Šarūnas Nakas' music has been commissioned by festivals and ensembles in Lithuania, Switzerland, the Czech Republic, Sweden, and Canada, and performed by orchestras and ensembles such as Windkraft Tirol, die reihe, KammarensembleN, pianocircus, Icebreaker, Bonk, Agon Orchestra, and others. Compositions have also been performed in Germany, Italy, Poland, the UK, the Netherlands, Belgium, Austria, Croatia, Latvia, Azerbaijan, Indonesia, Iran, Costa Rica, Ukraine, Canada and the USA. Together with the Vilnius New Music Ensemble, which he founded and directed, Šarūnas Nakas has given concerts in 15 European countries and Canada, and has appeared at the Warsaw Autumn Festival, Huddersfield Contemporary Music Festival, Musica Strasbourg, Southbank Centre London, Prague Spring, etc.
His wide-ranging interests, which seemingly encompass almost all genres of music, technology, astronomy, history, and events of everyday life, are undoubtedly reflected in his work. His music is radical, uncomfortable, strange, sometimes overly austere or incredibly vigorous, and often performed in unconventional ways. The composer creates multimedia installations and often presents his events as sessions rather than concerts. Many of Šarūnas Naks' works are dedicated to departed friends, colleagues, prominent personalities, or even several of them at the same time, thus not only commemorating their memory, but also, perhaps not coincidentally, preparing the listener for a particular experience.
The cycle of nine vocal, instrumental, and electroacoustic pieces, Ramblings, a large part of which was written as music for the scandal-plagued drama play Literature Lessons by Jonas Vaitkus, was recorded in 1985 in the legendary Vilnius Record Studio, which at that time was very open to experiments. The recordings were made using a multi-channel tape recorder, a borrowed KORG synthesizer, saxophones, a prepared piano, a cello turned into a noisy bass, percussion, and bells. The composer used all the texts and the title for the cycle from the poetry collection Ramblings by Almis Grybauskas. According to the composer, this poetry is minor, cold, and laconic, like his favourite cool jazz style, while the title Ramblings itself raises a lot of questions, is a bit provocative and irritating.

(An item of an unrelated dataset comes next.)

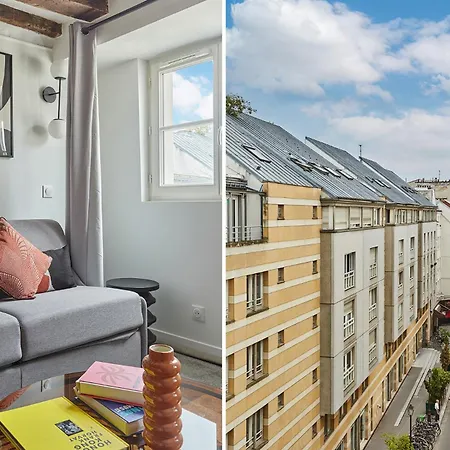 Appartamento Stylish In Le Marais *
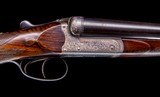 William Horton of Glasgow Scotland ~ An extremely nice gun that dates from 1908 - 4 of 8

After the premiere of the performance, the composer could have had a very bad ending – after "terrible" reviews and complaints appeared in the press, the Soviet censorship ordered the performance to be banned and the creators punished. Even the head of the composition department at the time suggested that this "cacophony" should be given the lowest grade, condemning Šarūnas Nakas to be expelled from the conservatoire, which would have meant being conscripted into the Soviet army during the Afghan war. Fortunately, professors Julius Juzeliūnas and Bronius Kutavičius saved their student.

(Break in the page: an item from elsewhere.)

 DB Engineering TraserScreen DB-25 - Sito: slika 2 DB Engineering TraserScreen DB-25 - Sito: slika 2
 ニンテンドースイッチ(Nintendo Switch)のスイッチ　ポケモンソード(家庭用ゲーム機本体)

It was the time of cassette tape recorders, and music was quickly reproduced, so Ramblings began its own journey, playing as background music on radio and television but never being published as a complete cycle. Later, only one piece called Merz-machine was singled out from the cycle as an example of Lithuanian experimentalism and released in 1997. It then underwent a kind of renaissance: versions were created for different ensembles, including the Czech avant-garde rock orchestra Agon and the London piano sextet pianocircus. The sextet has performed the work more than 100 times in dozens of countries.
In 2023, Ramblings will be released in full scope as a very limited edition vinyl record, produced at Darkroom Records cutting studio in Vilnius. To make the remastered machine sounds sound better on vinyl, they were processed by sound engineer Arkady Vikhorev during the air raids in Kyiv in 2022, and the design of the release was created by Liudas Parulskis. The texts were written by Šarūnas Nakas himself, but it is important to note that the traditional album annotation is not to be expected here.
Šarūnas Nakas on Ramblings: "Now it seems like a painful journey back. From the daily routines, from the present, to some parallel worlds of feelings. To the past, where you cannot fix anything. Ramblings – a dreamlike wandering through different spaces, each time returning to the same point. In that music, my aesthetic sympathies of the time shine through, coming from art rock, jazz, weird Buddhist music, and maybe some avant-garde stuff. I like the unprimed presentation of the composition, with all its naivety, primitiveness, tightness, unresolvability... More realistic and more interesting to myself."